A ATIVIDADE ESPECIAL DEVE SER DEMONSTRADA NOS PRÓPRIOS AUTOS DA AÇÃO PREVIDENCIÁRIA

 

O discurso de que todo e qualquer inconformismo em relação ao formulário padrão deve ser impugnado na esfera trabalhista ou criminal fragilizada sobremodo a autonomia do Direito (Processual) Previdenciário. Isso representa uma ameaça a toda uma visão social que merece o Direito Previdenciário.

É verdade, o Direito Previdenciário se relaciona automaticamente com outros ramos do direito. Mesmo assim, questões como, por exemplo, a condição de união estável, o dano moral, a natureza tributária da contribuição previdenciária, para citar apenas estes institutos, são tratados no âmbito da ação previdenciária, leia-se perante a Justiça Federal.
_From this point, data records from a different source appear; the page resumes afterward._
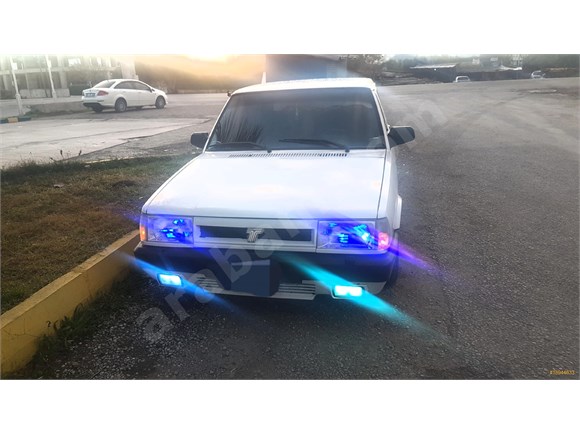 sahibinden tofas sahin 1 6 1993 model balikesir 153 000 km beyaz 18944633 arabam com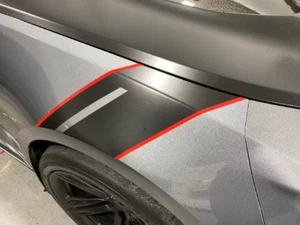 2016-2021 Camaro Fender Hash Side Accent Stripes - Picture 1 of 6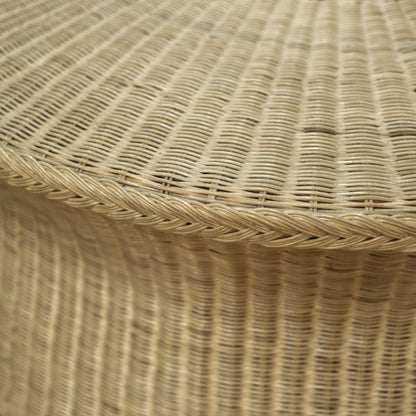 Solaris Braided Coffee Table - Alpine Furniture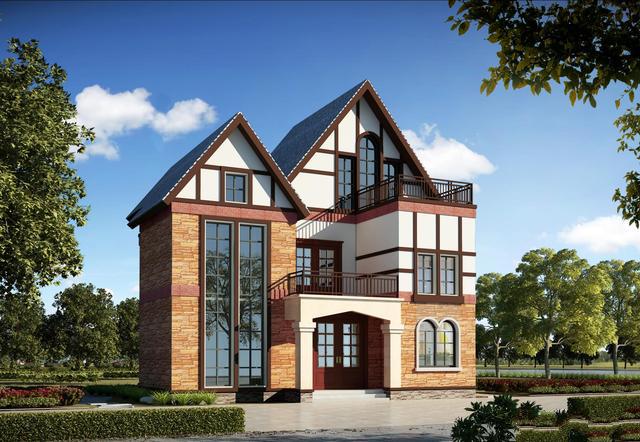 农村自建房屋 农村自建房屋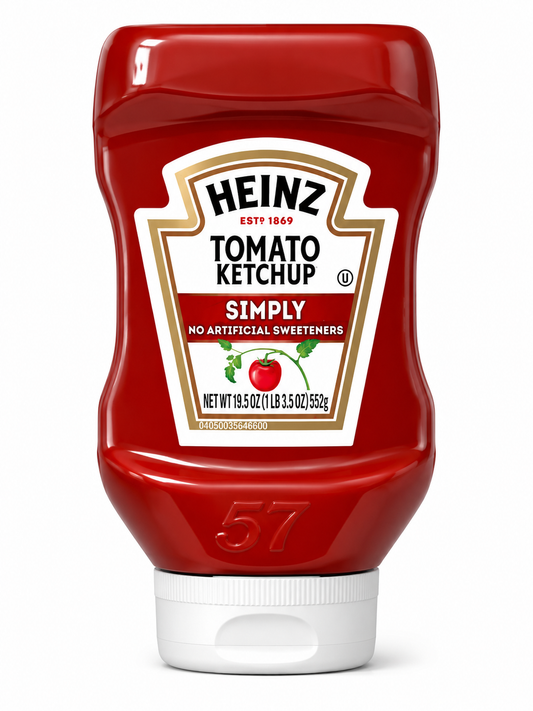 Heinz Tomato Ketchup — 552g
O mesmo acontece com a caracterização e a comprovação da natureza especial de determinada atividade, que seguem distintos critérios informados pelo Direito Previdenciário, com suas normas e princípios jurídicos próprios, sem, contudo, desconsiderar certos atos normativos da legislação trabalhista, como é o caso da Norma Regulamentar (NR) n. 15, expedida pelo Ministério do Trabalho e Emprego (MTE).

A competência da Justiça Federal para julgar e processar as causas previdenciárias resta clarividente no art. 109, da Carta Maior:

[...]. Aos juízes federais compete processar e julgar:

I - as causas em que a União, entidade autárquica ou empresa pública federal forem interessadas na condição de autoras, rés, assistentes ou oponentes, exceto as de falência, as de acidentes de trabalho e as sujeitas à Justiça Eleitoral e à Justiça do Trabalho;

[...]

§ 3º - Serão processadas e julgadas na justiça estadual, no foro do domicílio dos segurados ou beneficiários, as causas em que forem parte instituição de previdência social e segurado, sempre que a comarca não seja sede de vara do juízo federal, e, se verificada essa condição, a lei poderá permitir que outras causas sejam também processadas e julgadas pela justiça estadual. (Grifo nosso).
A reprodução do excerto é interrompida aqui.